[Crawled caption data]

*-*-*

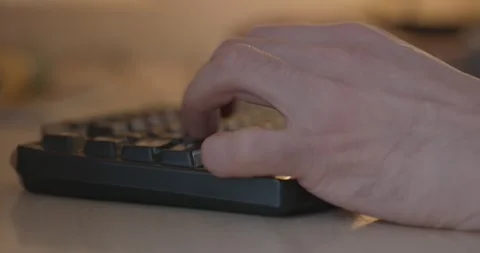 Man is Playing Games on Computer. 4K 10-bit Stock Footage 321320429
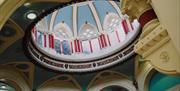 A close-up view of a decorative ceiling dome.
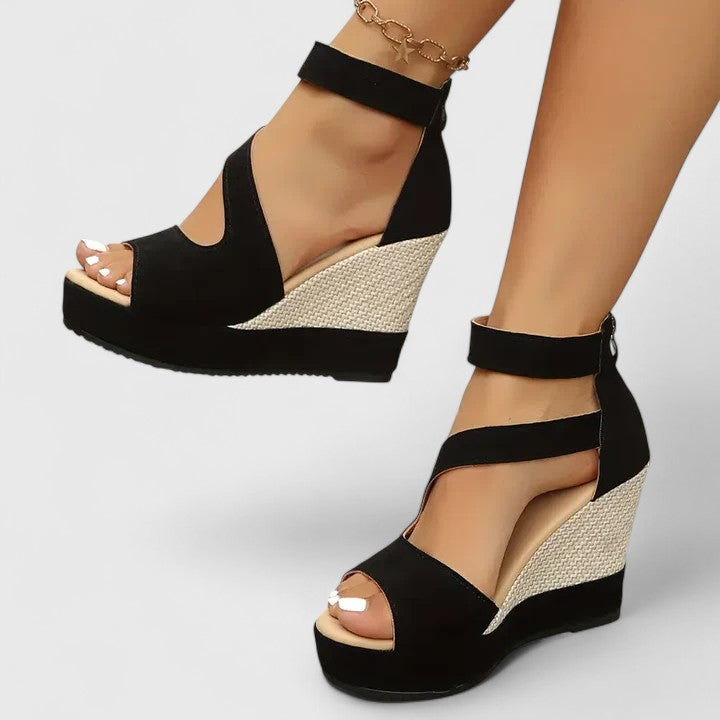 Black - Women's open-toe wedge sandals featuring an asymmetric faux-suede upper, woven side panel detail, and a back heel zipper.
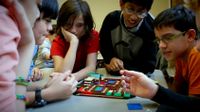 A group of students are working on their lego work.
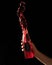 Red Splashing of bottle drink. Refreshing vitamin beverage splash from plastic container on black background. Male hand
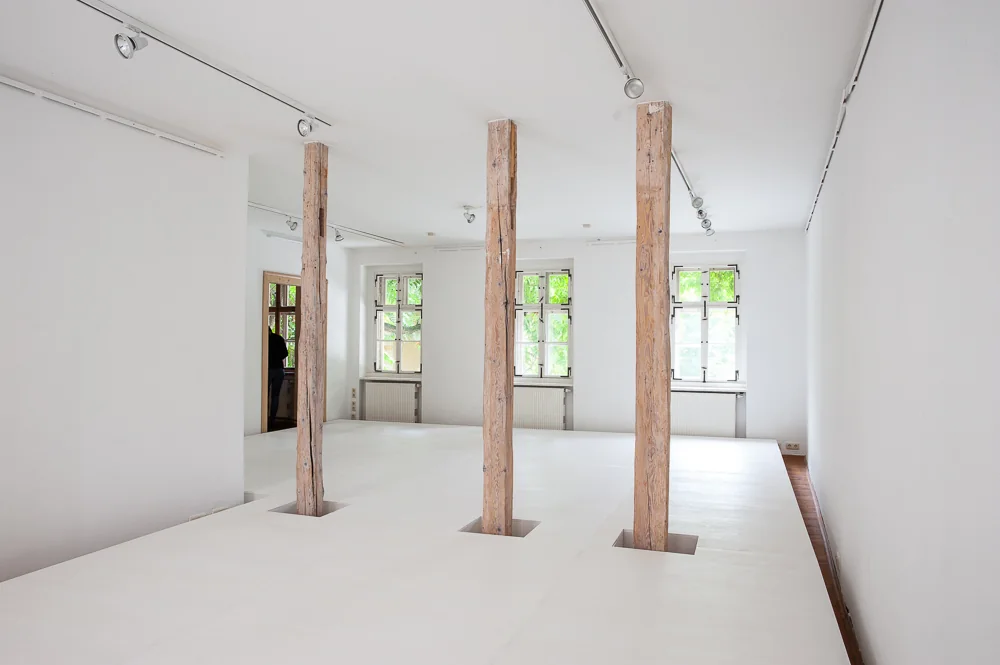 RAUMVERSCHIEBUNG II — der weiße doppelte Boden mit drei Holzstützen, dahinter die Fenster der Galerie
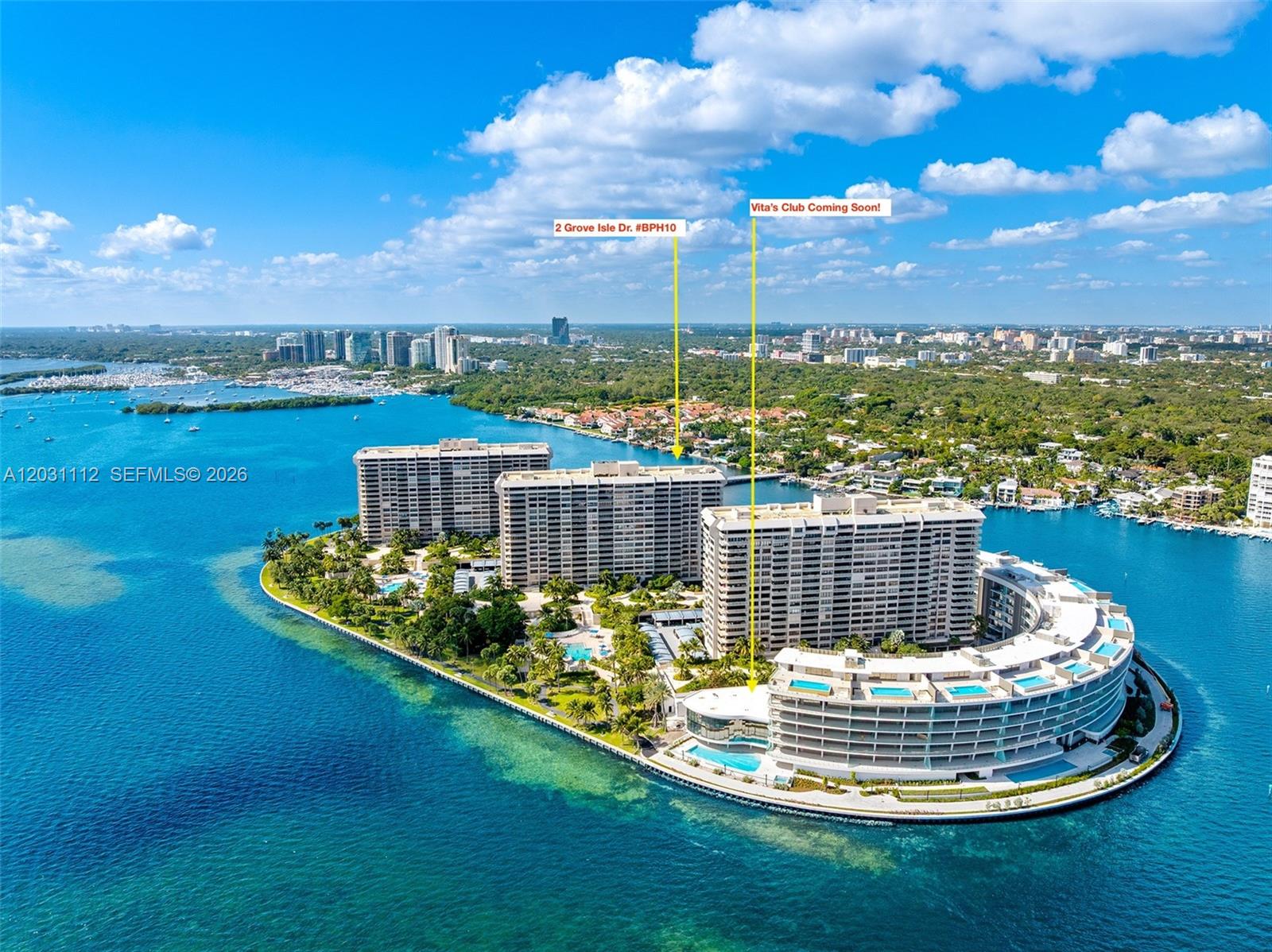An aerial view shows several large residential buildings situated on a private island surrounded by water — 2 Grove Isle Dr, Miami FL 33133, MIAMI, FL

*-*-*

[Work required]:
Output every entry verbatim. Pictures do not belong in the copy.

[Answer for this exercise]:
 Man is Playing Games on Computer. 4K 10-bit Stock Footage 321320429
 A close-up view of a decorative ceiling dome.
 Black - Women's open-toe wedge sandals featuring an asymmetric faux-suede upper, woven side panel detail, and a back heel zipper.
 A group of students are working on their lego work.
 Red Splashing of bottle drink. Refreshing vitamin beverage splash from plastic container on black background. Male hand
 RAUMVERSCHIEBUNG II — der weiße doppelte Boden mit drei Holzstützen, dahinter die Fenster der Galerie
An aerial view shows several large residential buildings situated on a private island surrounded by water — 2 Grove Isle Dr, Miami FL 33133, MIAMI, FL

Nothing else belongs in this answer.